Wednesday, November 17, 2010

Organization -- or How I've already lost the battle

In the years before we had computers and scanners and highspeed internet connections, I thought I was at war with paper. No matter how much of the stuff I threw away, more managed to find its way into the house. The post office delivered bills and junk mail. My husband came home from work with magazines and newspapers. Even my kids got in on the action with bulletins and crafts from church. I'd throw away what I could and helplessly pile the rest somewhere out of the way of our daily lives to be dealt with later. Occasionally, I’d get fed up with the pile of paper masquerading as a centerpiece on my kitchen table and break it down into smaller, more manageable piles that would fool me into thinking I’d actually accomplished something. The cycle of rebuilding and demolishing that pile seemed never-ending—and continues to this day.

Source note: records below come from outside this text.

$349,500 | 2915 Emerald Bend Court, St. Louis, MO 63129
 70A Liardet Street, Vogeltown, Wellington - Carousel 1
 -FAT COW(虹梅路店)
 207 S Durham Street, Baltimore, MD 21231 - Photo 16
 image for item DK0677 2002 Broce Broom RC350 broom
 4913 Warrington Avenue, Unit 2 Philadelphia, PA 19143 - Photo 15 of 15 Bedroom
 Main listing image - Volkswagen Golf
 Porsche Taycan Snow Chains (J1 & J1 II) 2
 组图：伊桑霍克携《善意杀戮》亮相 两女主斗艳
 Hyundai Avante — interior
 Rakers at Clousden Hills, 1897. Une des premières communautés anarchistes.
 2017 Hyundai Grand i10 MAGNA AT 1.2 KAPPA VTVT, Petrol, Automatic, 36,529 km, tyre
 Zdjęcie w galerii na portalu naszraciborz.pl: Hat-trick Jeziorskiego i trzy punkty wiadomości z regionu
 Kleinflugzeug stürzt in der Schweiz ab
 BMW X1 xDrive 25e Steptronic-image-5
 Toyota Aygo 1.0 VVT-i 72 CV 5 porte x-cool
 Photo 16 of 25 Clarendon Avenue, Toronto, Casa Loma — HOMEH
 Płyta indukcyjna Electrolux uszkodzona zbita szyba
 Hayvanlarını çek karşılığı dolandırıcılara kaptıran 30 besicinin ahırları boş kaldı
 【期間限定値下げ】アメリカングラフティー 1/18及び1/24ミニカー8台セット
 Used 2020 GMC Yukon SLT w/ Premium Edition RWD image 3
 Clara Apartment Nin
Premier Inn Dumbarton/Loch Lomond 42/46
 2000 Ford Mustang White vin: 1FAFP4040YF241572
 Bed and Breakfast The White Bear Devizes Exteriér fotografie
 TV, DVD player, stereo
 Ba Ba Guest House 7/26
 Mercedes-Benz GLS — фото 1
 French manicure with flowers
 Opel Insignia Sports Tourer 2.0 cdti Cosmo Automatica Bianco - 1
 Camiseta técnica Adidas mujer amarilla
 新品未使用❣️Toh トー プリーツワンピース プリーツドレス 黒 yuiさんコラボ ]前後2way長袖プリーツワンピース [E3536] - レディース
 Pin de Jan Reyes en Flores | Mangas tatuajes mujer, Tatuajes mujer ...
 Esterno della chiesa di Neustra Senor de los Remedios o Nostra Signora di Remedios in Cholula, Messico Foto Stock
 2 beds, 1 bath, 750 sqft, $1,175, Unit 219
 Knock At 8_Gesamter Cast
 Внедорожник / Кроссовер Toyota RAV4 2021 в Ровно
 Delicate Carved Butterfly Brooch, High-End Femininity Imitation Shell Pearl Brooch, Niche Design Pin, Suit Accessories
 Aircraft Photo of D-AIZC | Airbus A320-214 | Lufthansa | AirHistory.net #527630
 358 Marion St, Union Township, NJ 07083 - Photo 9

The promise of a paperless society thrilled me to no end. I signed up for and paid my bills online. I transferred subscriptions to electronic format. I formed a partnership with my scanner and saved important documents to hard drives. I backed up, saved, tagged, bookmarked, and indexed until I thought I had it all figured out.

I whittled down the list of things on paper to the bare minimum, and still the post office failed to remove me from their list of appointed rounds. There was always something new in the box, but now my war had spread to two fronts. What used to show up in my mailbox now showed up in my email. My bank would send me a notice that I had a new bill. The billing company would send me one to tell me that the new statement was ready. What used to be one bill in the mail was now two separate emails—more if either felt the need to confirm the payment after it was sent. My paperless society was drowning me in email, instead of paper. How was this an improvement?

While the information overload has never gotten in the way of anything I wanted to do, this is my only real failure on the organizational front. Whether it's paper or electronic, keeping track of all the information around me defeats me, daily. I've added calendars, alarms, and both physical and electronic notes just to keep up. I'm too stubborn to surrender, so I keep fighting, even though I think it's a losing proposition.